- Founded: 1972; 54 years ago
- University: Virginia Tech
- Head coach: Mike Brizendine (16th season)
- Conference: ACC
- Location: Blacksburg, Virginia
- Stadium: Thompson Field (capacity: 2,500)
- Nickname: Hokies, Fighting Gobblers
- Colors: Chicago maroon and burnt orange
| Home | Away |

NCAA tournament College Cup
- 2007

NCAA tournament Quarterfinals
- 2007, 2016

NCAA tournament Round of 16
- 2007, 2016, 2018, 2019, 2020

NCAA tournament appearances
- 2003, 2005, 2006, 2007, 2016, 2017, 2018, 2019, 2020, 2021

Conference Regular Season championships
- 1997

= Virginia Tech Hokies men's soccer =

American college soccer team

The Virginia Tech Hokies men's soccer team represents the Virginia Polytechnic Institute and State University in all NCAA Division I men's college soccer competitions. The Hokies are members of the Atlantic Coast Conference and play their home matches at Sandra D. Thompson Field.

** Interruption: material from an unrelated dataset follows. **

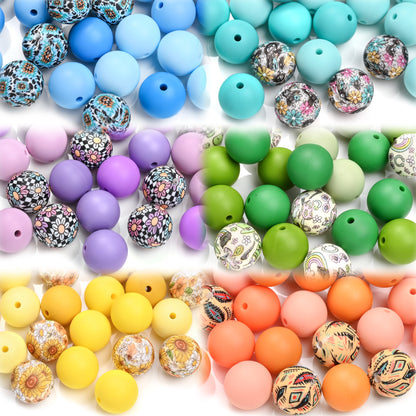 Rainbow Floral Silicone Beads Set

Historically, Virginia Tech has been one of the weaker outfits in the ACC, regularly finishing towards the bottom of the conference standings. The program's most successful era was from 2003 to 2007; in that time the Hokies earned three berths into the NCAA Division I Men's Soccer Championship. In 2003 and 2005, the Hokies made their first two appearances in the tournament, where they reached the second round of the tournament. In 2007, the team made a remarkable run to the College Cup, their best result in tournament history. After their 2007 run, they did not qualify for an NCAA Tournament bid again until 2016.

==History==

===Oliver Weiss era, NCAA violations===

They improved greatly with the arrival of head coach Oliver Weiss in 2000. Under Weiss, Tech has made four appearances in the NCAA Tournament (second round in 2003, 2005, first round in 2006, and the semifinals in 2007). In the 2007 season, the team achieved its highest national ranking in school history when they reached #4 on October 23. The previous highest ranking was in the 2005 season at eighth in the country. Also, Tech set a new school record with a 15-game unbeaten streak (10-0-5 from September 2 to November 3) during the 2007 season.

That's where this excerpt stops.